══ Data excerpts ══
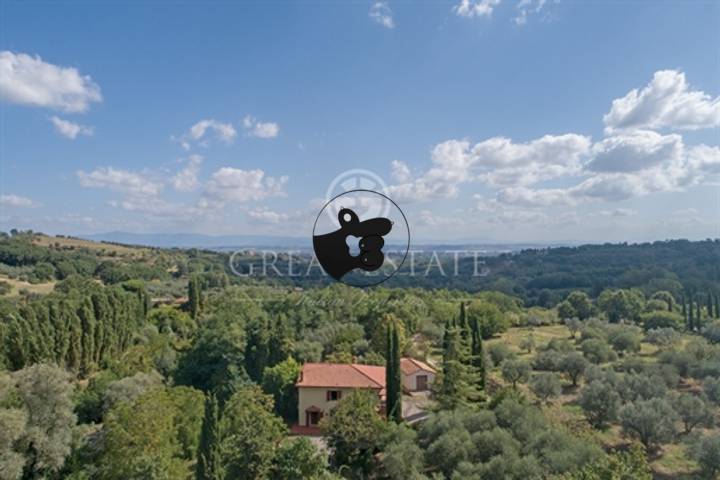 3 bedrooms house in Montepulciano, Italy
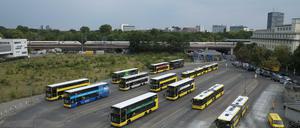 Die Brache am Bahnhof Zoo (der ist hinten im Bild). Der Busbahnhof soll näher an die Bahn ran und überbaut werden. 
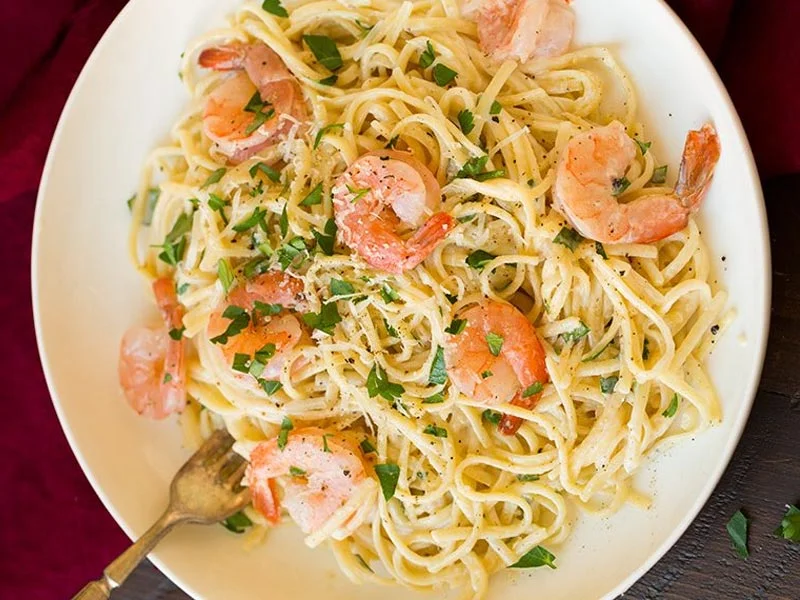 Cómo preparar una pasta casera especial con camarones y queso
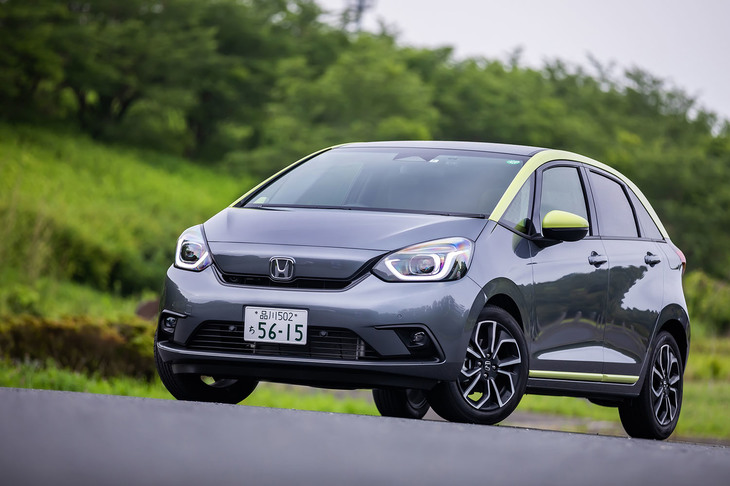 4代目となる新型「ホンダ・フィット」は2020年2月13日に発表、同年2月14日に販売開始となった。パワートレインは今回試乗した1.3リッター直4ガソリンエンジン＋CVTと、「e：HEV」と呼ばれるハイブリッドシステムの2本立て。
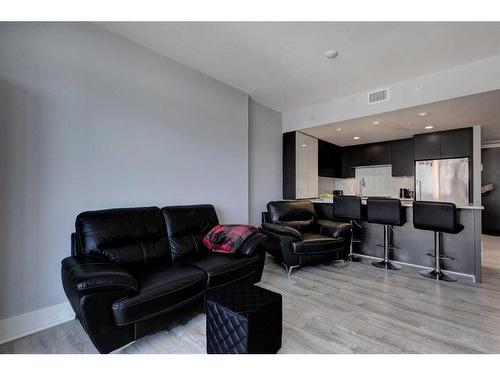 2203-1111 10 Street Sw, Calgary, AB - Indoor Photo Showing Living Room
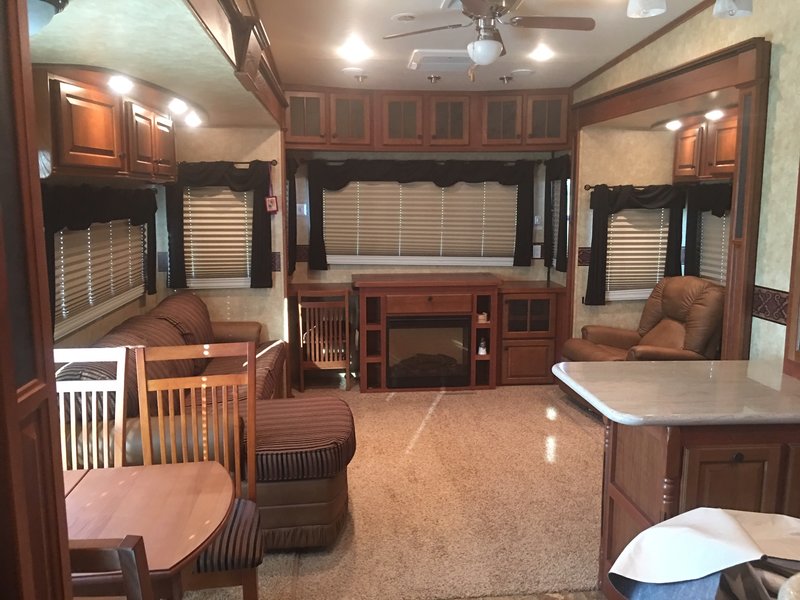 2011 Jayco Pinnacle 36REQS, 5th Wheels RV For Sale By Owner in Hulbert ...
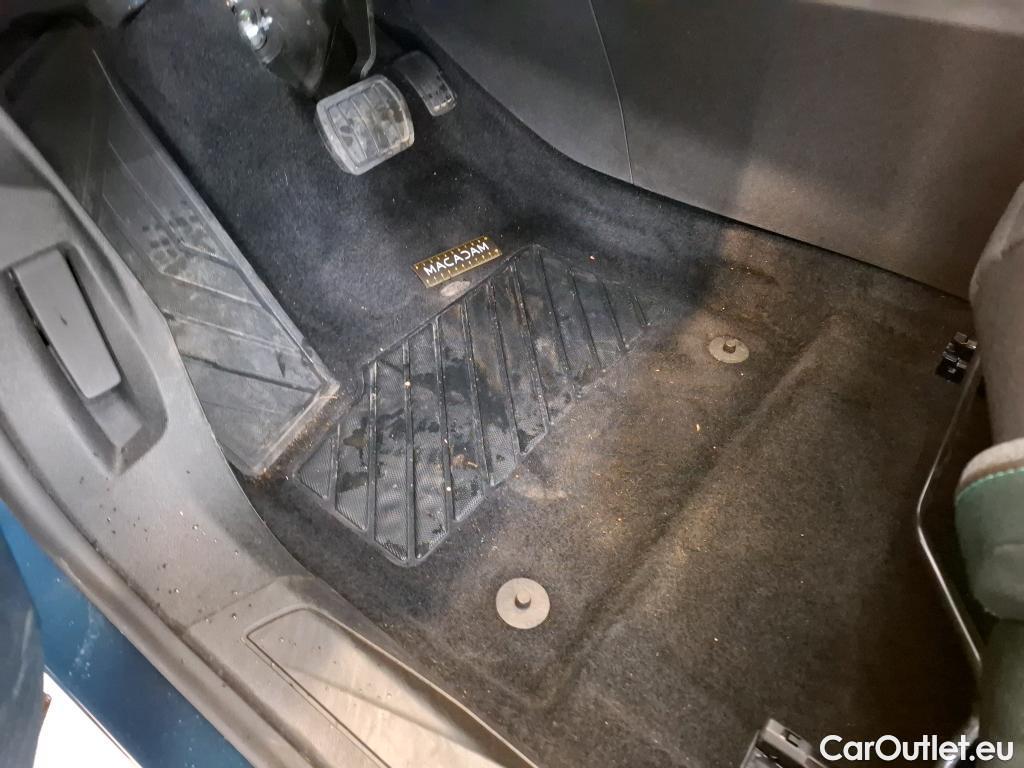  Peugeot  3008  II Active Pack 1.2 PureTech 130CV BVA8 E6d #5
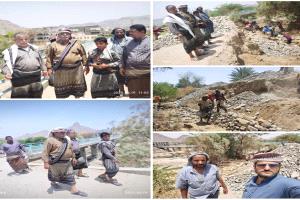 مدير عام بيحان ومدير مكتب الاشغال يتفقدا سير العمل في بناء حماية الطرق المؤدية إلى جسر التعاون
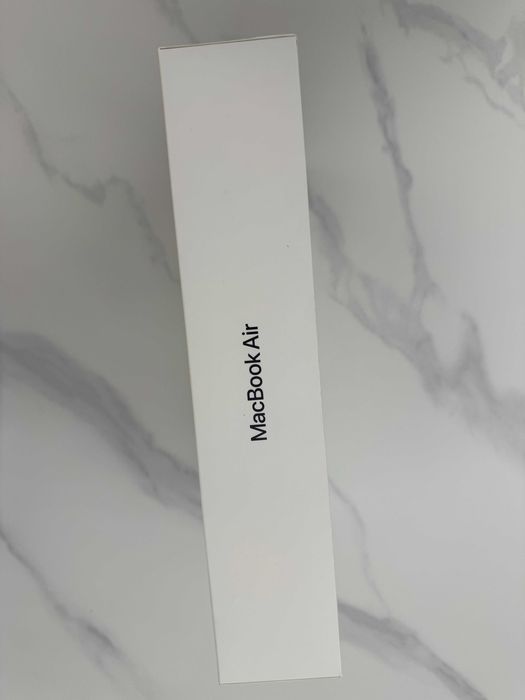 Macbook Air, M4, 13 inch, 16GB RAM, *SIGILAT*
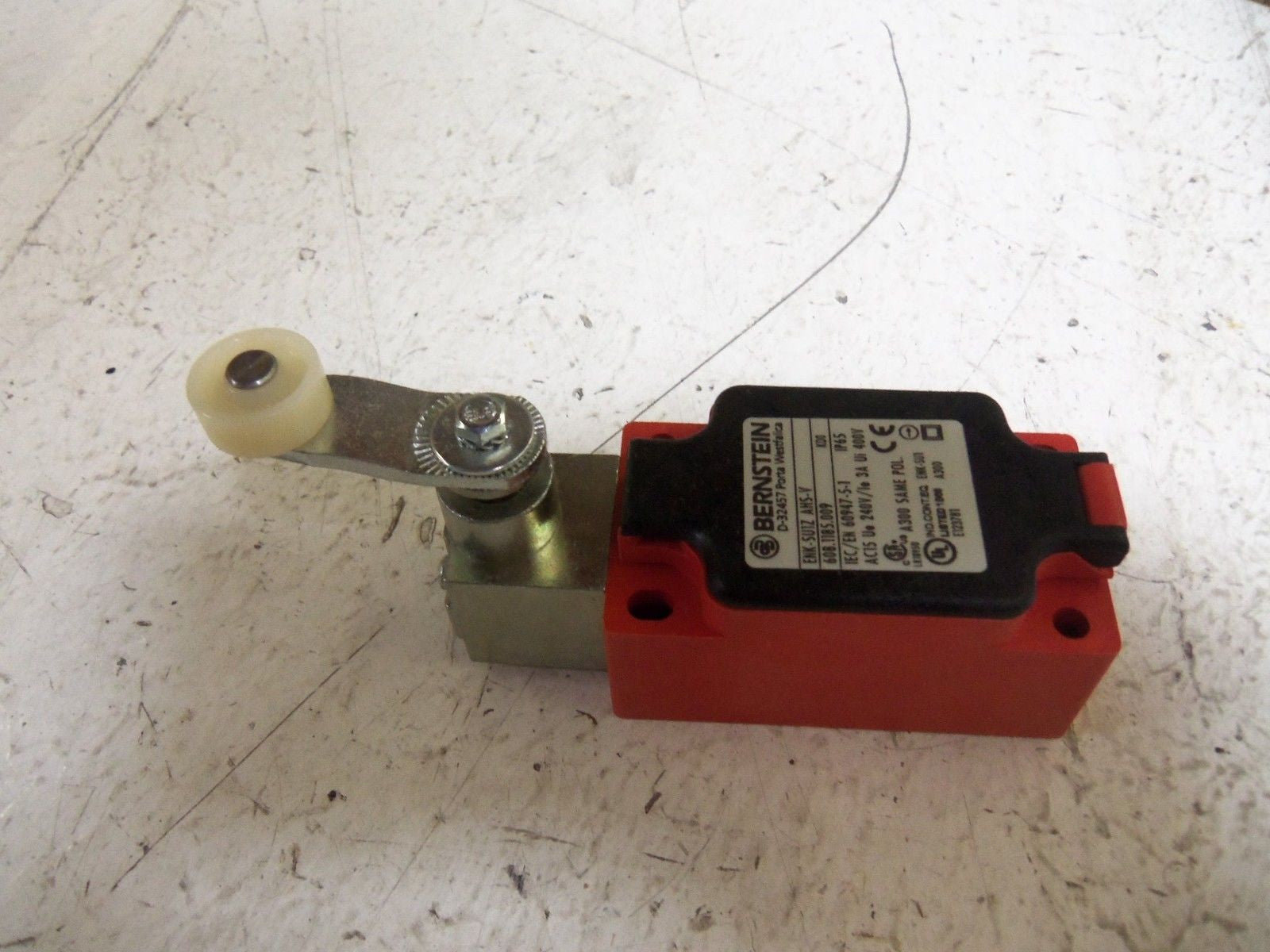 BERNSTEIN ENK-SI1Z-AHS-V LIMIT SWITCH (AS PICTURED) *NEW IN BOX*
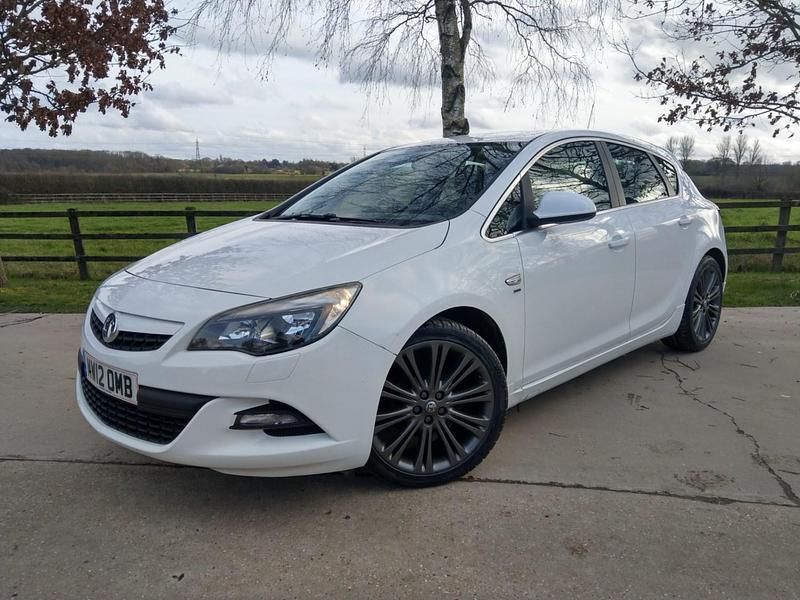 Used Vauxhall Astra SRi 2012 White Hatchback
═══
▸ **Instructions for the task**
Which lines run from the one that holds "BERNSTEIN ENK-SI1Z-AHS-V LIMIT" to the final line of the records above? Return them exactly, and skip the pictures.

▸ **Answer area**
 BERNSTEIN ENK-SI1Z-AHS-V LIMIT SWITCH (AS PICTURED) *NEW IN BOX*
 Used Vauxhall Astra SRi 2012 White Hatchback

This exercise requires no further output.